AlphaSS predicts protein structures using deep learning given a sequence and a set of experimental contacts. It extends OpenFold with disulfide bond distance restraint by explicitly incorporating them in the OpenFold architecture. The experimental distance restraints may be represented in one forms:
- As distance distributions (distograms)
For (1), we trained our network with the distogram representation corresponding to distance between the CB(C-beta) atoms of disulfide bond.
Please refer to the OpenFold GitHub for installation instructions of the required packages. AlphaSS requires the same packages, since it builds on top of OpenFold.

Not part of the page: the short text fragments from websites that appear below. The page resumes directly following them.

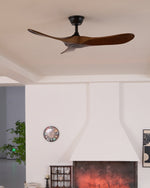 Aero Breeze Ceiling Fan — Sculpted Wood Blades & Whisper-Quiet DC Motor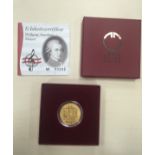 WOLFGANG AMADEUS MOZART GOLD PROOF 50 EURO COIN
dated 2006, no.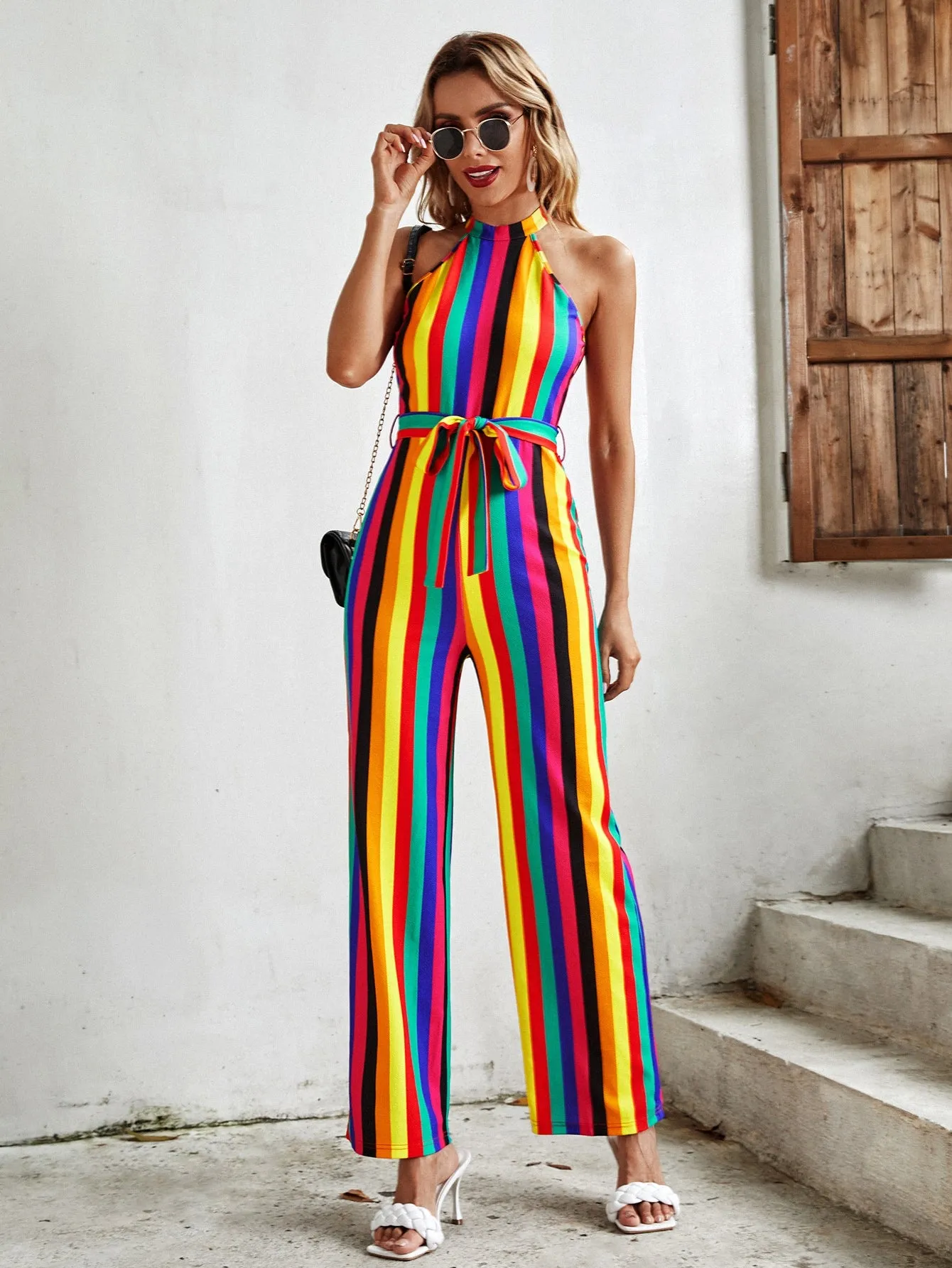 Sexy Striped Belted Sleeveless Halter High Waist Long Women Jumpsuit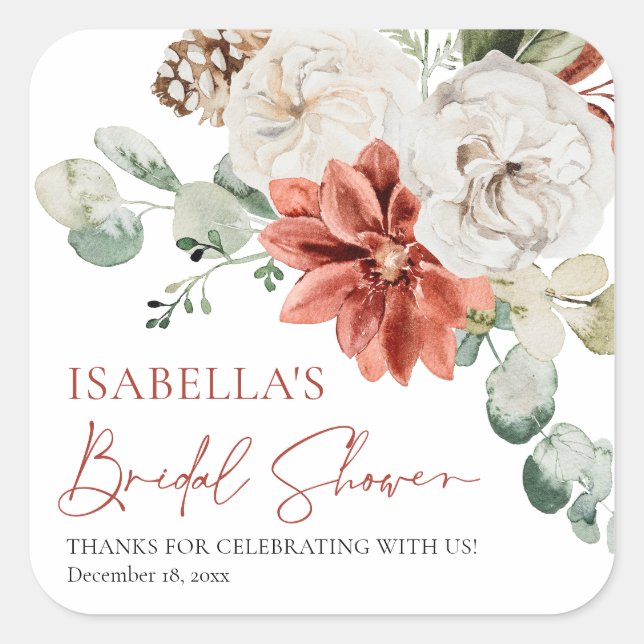 Modern Elegant Red Winter Christmas Bridal Shower Square Sticker (Front)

Disulfide bond data can be included either as a PyTorch dictionary with NumPy arrays: 'disulf_disto', the software may then be run with models based on upper bound distance thresholds or using generalized distograms. Distograms have shape LxLx128 where L is the length of the protein with the following binning: numpy.arange(2.3125,42,0.3125) + a catch-all bin in the end for distances >= 42A and no group embedding. Last bin is a catch-all bin. The probabilities should sum up to 1.
residueFrom and residueTo are the residues which bonded with the disulfide to each other (sequence numbering starts at 0). Columns 2-130 contain the probability for each bin in numpy.arange(2.3125,42,0.3125)- i.e. the probability of each bin in a distogram going from 2.3125 to 42 Angstrom. The 128th bin is a catch-all bin for distances >= 42.

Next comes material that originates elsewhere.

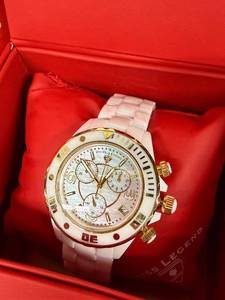 lot 14N image: Swiss Legend Karamica SL-3000-WMGCR White Ceramic Chronograph Watch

Distance distributions for AlphaSS can be automatically generated from restraint lists with the script preprocessing_SSbond_features.py.
python preprocessing_SSbond_features.py --infile restraints.csv --outfile SS_feature_path (.pkl)
Where restraints.csv is a comma-separated file containing residueFrom,residueTo,sequenceLength. For example:
92,135,1260
108,126,1260
For a restraint between residue 92 and 135 imposed as a normal distribution with a mean distance and a standard deviation.
preprocessing_distributions.py will generate a restraint list with distance distributions binned in 128-bin distograms that can be given to AlphaSS.
MSAs can be subsampled to a given Neff with --neff.
AlphaSS expects a FASTA file containing a single sequence, the disulfide bond pair informations features (pickle) with --disulf_info_path, and precomputed features (pickle) with --features.
It will be updated soon.
Can be downloaded here:
It will be updated soon.
They need to be unpacked (gunzip).
We eliminated all non-determinism (MSA masking), since with low Neff targets, different MSA masking can have a big effect.